CNN's Rye Blames 'Clinton World' for Leaking Obama in African Garb Photo

April 20th, 2016 5:43 PM

Appearing as a guest on Wednesday's CNN Newsroom with Brooke Baldwin, liberal CNN political commentator Angela Rye accused "Clinton world" of trying to smear then-candidate Barack Obama in 2008 by leaking a photograph of him in "African garb" as she predicted that the two current Democratic factions will be able to unite after the nominating process as they did for the 2008 election.

A bit later, fellow liberal CNN commentator Van Jones oddly compared giving everyone a free college educatoin to giving the military "free drones" as he complained about Clinton supporters denigrating young Bernie Sanders supporters as wanting "free stuff."

At 3:33 p.m. ET, host Brooke Baldwin brought up the issue of whether Bernie Sanders supporters would be willing to support Hillary Clinton:

Van has a great point, you know, about sour milk and some of the back and forth and the jabs, and, you know, Hillary Clinton spoke last night about specifically two Senator Sanders supporters, you know, and talking about the need to unify, especially if you want to have a Democrat in office.

So how does she do that, especially given the fact that there are throngs of young people -- you look at the exit polling -- 18 to 24 love Bernie Sanders? And if he doesn't get the nomination, Angela, they may not vote in November. How does she handle that?

Rye, who used to work for the Congressional Black Caucus, brought up the photo from 2008 as she began:

Well, I think that we should look no further than 2008. I mean, we're talking about a bitter primary battle where things like President Obama appearing in African garb going to the Drudge Report, courtesy of the Clinton campaign, showed up -- or Clinton friends.

She then added:

I won't blame that on the campaign, but it certainly came back to somebody in Clinton world. Hillary Clinton constantly referring to herself as "tested and ready," and "the message of hope was naive." It was a bitter primary battle. And, you know what, at the end, everyone came together singing kumbaya, and it was fine. So if they could do it in 2008, I know we can do it in 2016.

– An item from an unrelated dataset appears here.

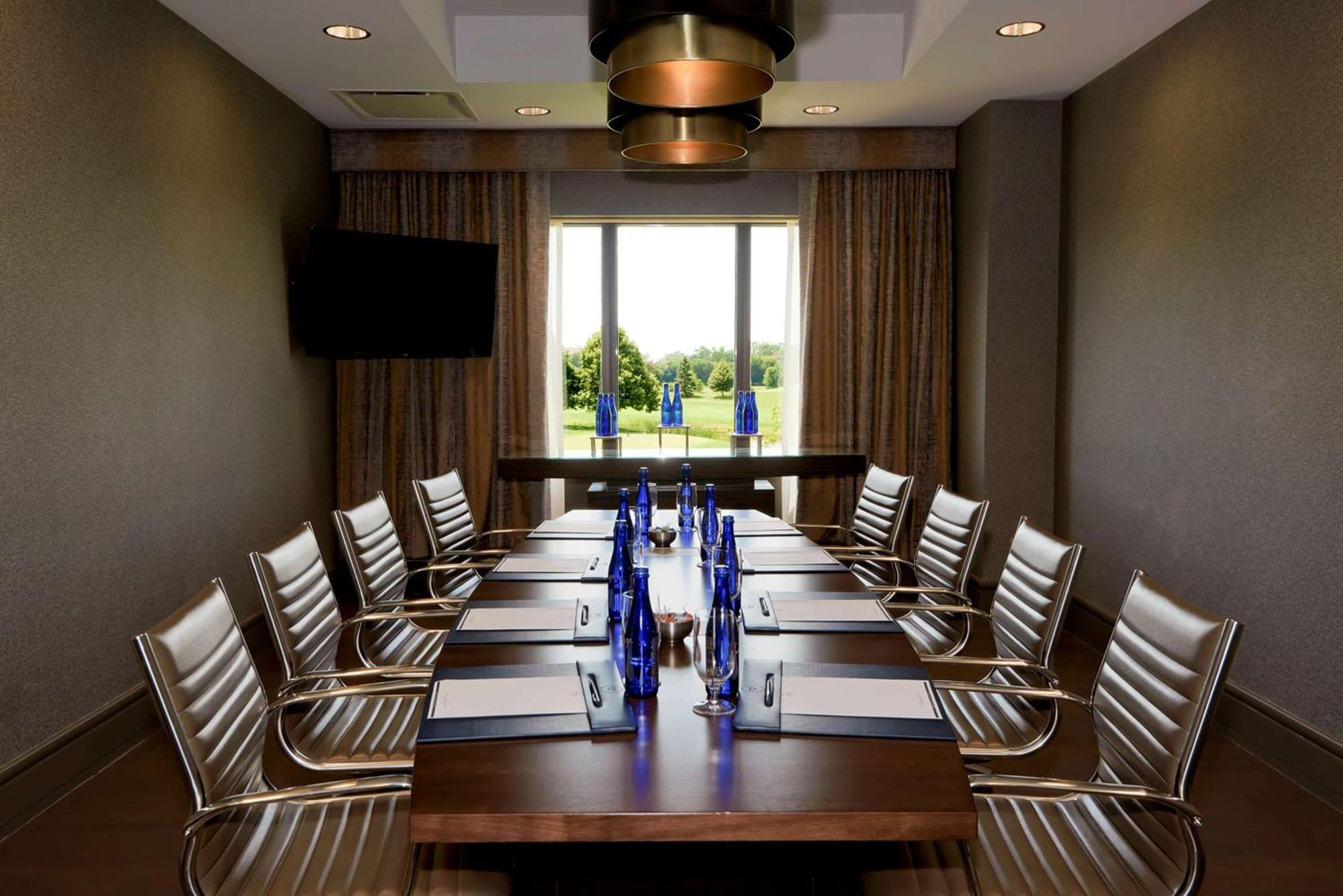 Hilton Chicago Oak Brook Hills Resort & Conference Center Экстерьер фото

When Baldwin turned to Jones and asked if  Sanders should continue campaigning, Jones griped:

I do think that Secretary Clinton's surrogates should be a little bit less sometimes condescending toward the young people: "Oh, they just want free stuff." That's not fair. Nobody says the Pentagon just wants free drones or NASA just wants free space shuttles. Everybody pays taxes. Everybody has a right to say where they think the money should go.

And those kinds of things, I think it's, if they can just tone that down, I think the young people need to feel respected coming back, not belittled coming back. If they clean that up, they'll be fine.